There were many other questions that the Pope answered during the interview, a couple of those are quoted below:

  • “Proselytism is solemn nonsense, it makes no sense. We need to get to know each other, listen to each other and improve our knowledge of the world around us.” “. . . to get to know people, listen, expand the circle of ideas. The world is crisscrossed by roads that come closer together and move apart, but the important thing is that they lead towards the Good.”
  • “The Lord has redeemed all of us, all of us, with the Blood of Christ: all of us, not just Catholics. Everyone! Even the atheists. Everyone! And this Blood makes us children of God of the first class! We are created children in the likeness of God and the Blood of Christ has redeemed us all! And we all have a duty to do good.” “Each of us has a vision of good and of evil. We have to encourage people to move towards what they think is Good.”
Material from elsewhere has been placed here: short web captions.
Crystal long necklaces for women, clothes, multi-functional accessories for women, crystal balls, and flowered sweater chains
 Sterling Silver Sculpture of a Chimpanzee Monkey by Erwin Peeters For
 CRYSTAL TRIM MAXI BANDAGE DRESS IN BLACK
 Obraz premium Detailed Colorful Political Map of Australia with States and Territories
Now, what is wrong with these answers? What is heretical about them? Should the Catholic proselytize, that is, urge non- Catholics to convert to Catholicism? Or was our Lord Jesus Christ’s death meant to redeem only the Catholics?

In the Acts of the Apostles 8:26-27, Philip, who was on the road to Gaza, was commanded by the Spirit to “Go and catch up with that carriage.” Inside that carriage was an Ethiopian eunuch reading from the book of the prophet Isaiah. The eunuch invited Philip into his carriage to explain to him what the words of Isaiah meant; he was converted and baptized before the Spirit of the Lord snatched Philip away from his sight.

Another story tells about how St. Dominic debated all night with an Albigensian heretic inn-keeper, explaining to him the doctrines of the Catholic faith. In the morning, the heretic was found on his knees, repentant and brought back to the faith.

In both stories conversion took place, without any direct intention to proselytize. Couldn’t this be what Pope Francis really meant when he said that we should know, listen to each other and “improve our knowledge of the world around us?” And with regard to atheists, are they excluded from the redemptive act of Jesus? Certainly not! But why could have the Pope said, “encourage people to move towards what they think is Good?” Wouldn’t this be relativism, that is, good being subjective? If we have been created in the image and likeness of God, then surely, we would inherently know what goodness is and will be drawn towards it like we are drawn towards God.

The words of Pope Francis contained no heresies; yes, they were intriguing, but surely not heretical. Thinking deeply about everything he said, a discerning Catholic would see that his words were borne of knowledge inspired by faith. And, had he said anything heretical, wouldn’t the Catholic Church be the first to condemn him?